82.      Cette disposition énonce, elle aussi, des règles qui doivent s’appliquer lorsque entrent en concurrence des règles du droit de l’Union et des règles issues de conventions conclues par les États membres. Dans son arrêt Levy (41), la Cour a expliqué que, dans le cadre d’une procédure préjudicielle, ce n’est pas à elle, mais à la juridiction nationale qui la saisit, qu’il appartient de constater les obligations qu’une convention internationale antérieure impose à l’État membre concerné et d’en préciser les limites d’une manière qui permette de déterminer dans quelle mesure ces obligations font obstacle à l’application de l’acte juridique concerné de l’ancienne Communauté.

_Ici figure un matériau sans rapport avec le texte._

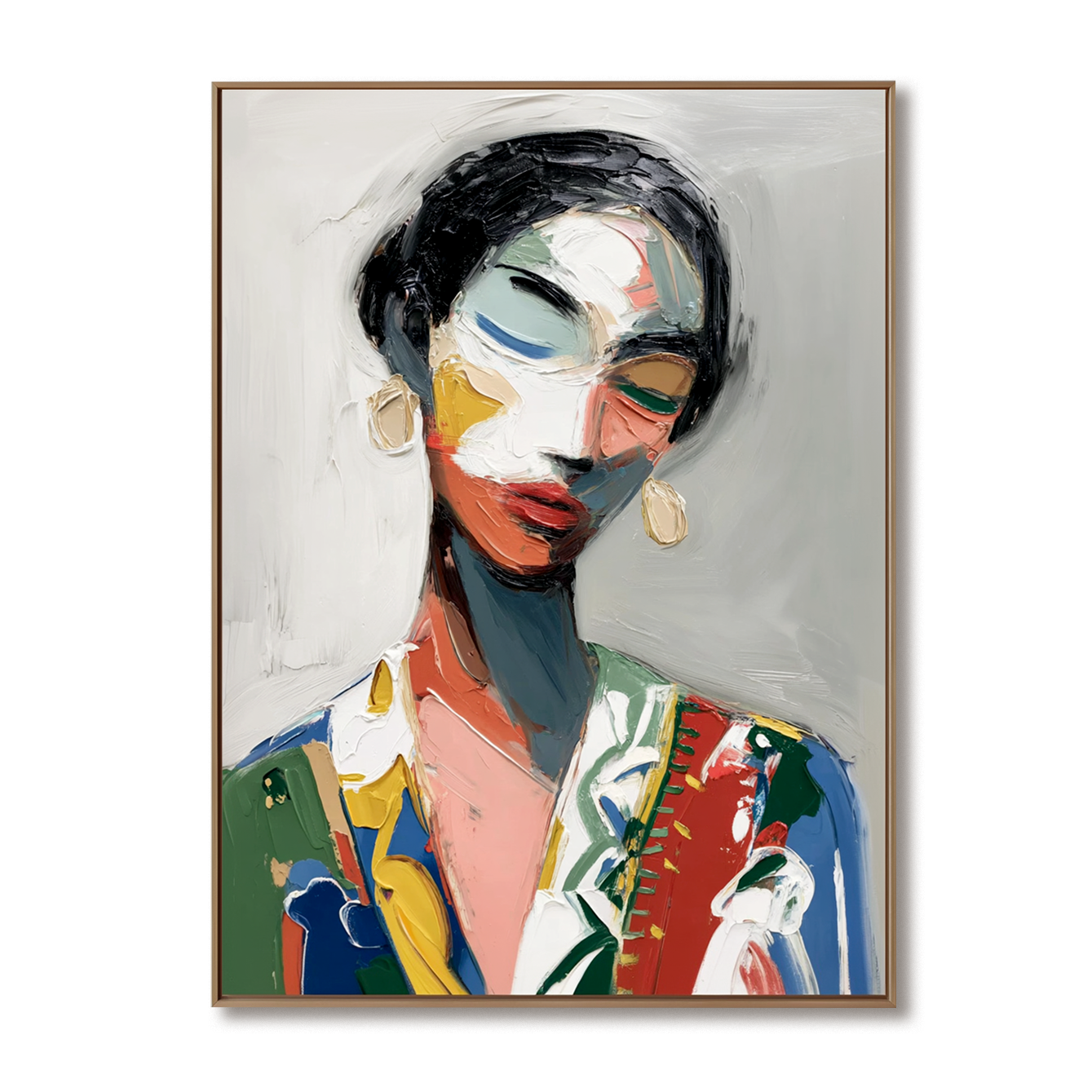 Abstract portrait of a woman with colorful brushstrokes in red, blue, yellow, and gray.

83.      Dans la jurisprudence qu’elle a consacrée à l’article 351 TFUE, la Cour a en outre énoncé l’obligation d’interpréter autant que possible les anciennes conventions des États membres d’une manière conforme au droit de l’Union (42). C’est pourquoi il convient de s’interroger sur le point de savoir si une obligation analogue d’interprétation conforme s’applique en cas de concurrence de conventions des États membres avec le règlement n° 44/2001, obligation comparable à celle que prévoit l’article 71 du règlement. Un tel examen pourrait s’avérer pertinent pour déterminer si la règle de litispendance énoncée à l’article 31 doit être interprétée en conformité avec l’article 27 du règlement n° 44/2001.

84.      Mais, comme l’article 351 TFUE et l’article 71 du règlement n° 44/2001 apportent des solutions différentes aux conflits de normes, on ne voit guère comment admettre qu’il existerait une obligation d’interprétation conforme dans le cadre de l’article 71 du règlement.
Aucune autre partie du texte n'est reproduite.